During the winter in the St. Louis area,
Lewis and Clark were busy with training their crew, obtaining supplies
and finding out all they could about the territory ahead. But the
work of scientific inquiry continued, even in the heart of St. Louis,
as Lewis sat in the garden of Pierre Chouteau on March 26, 1804.
In the stone-walled enclosure, Chouteau had a specimen of the Osage
Orange tree growing. The tree's natural range then extended only
to about 300 miles to the West of St. Louis. Chouteau allowed Lewis
to take cuttings to send back to Jefferson. This is a good example
of Lewis' restless and far-ranging mind - even in the midst of a
domestic garden, he noticed an unusual tree and described it for
science. This was chronologically the very first of the over 300
plants and animals described by Lewis and Clark over the subsequent
2½ years.
As the Expedition left St. Louis, Lewis sent
back a description of the Osage orange along with specimens of local
minerals (salt, silver and lead), the fossils from Big Bone Lick,
the contents of a buffalo's stomach and a specimen of the Plains
horned toad collected by Charles Gratiot in western Missouri. Prior
to leaving St. Louis, the scientific Lewis and Clark Expedition
had already begun. As the expedition began to move up the Missouri,
it is interesting to note that Lewis focussed on the details - the
animals, the type of rocks, the trees and grasses - along the route.
How fast was the current? How high were the cliffs? Was that bird
different from one known in the East? On the other hand, it was
the sergeants and privates, in their journals, who chronicled some
of the beauties of the river, its moods, and the caving in of its
banks, giving us an overall impression of what the voyage up the
river was like in 1804.
Lewis
went on to describe some of the animals of the voyage, making notes
and polishing his observation skills on the plains gray wolf and
eastern wood rat - the first animal new to science encountered on
the voyage - In what is today Osage County, Missouri.

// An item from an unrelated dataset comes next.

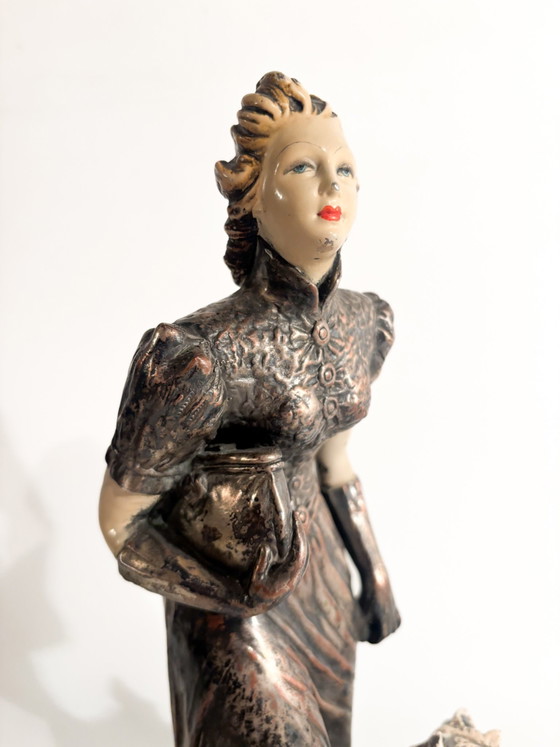 Ceramic Sculpture of a Lady with Fox Terrier by Ceramiche Mollica, 1940s (photo 3 of 9)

By this time
the tone had been set and the tasks defined for this incredible
scientific mission. For, more than a mere stunt to see if the continent
could be crossed and conquered, more than a diplomatic mission to
Indian peoples, more than an instance of "manifest destiny," the
Lewis and Clark Expedition was a scientific foray. Like Diderot
with his Encyclopedia, Jefferson charged Lewis with chronicling
"the animals of the country generally, & especially those not known
in the U.S. the remains and accounts of any which may [be] deemed
rare or extinct . . . [observe] the face of the country, it's growth
and vegetable productions; especially those not of the U.S. . .
." He was told to make these observations "with great pains & accuracy,
to be entered distinctly & intelligibly for others as well as yourself."
It is this aspect of the expedition, fulfilled in every sense of
its injunction, which sets the Lewis and Clark Expedition apart
and plays a major role in its resonance 200 years later.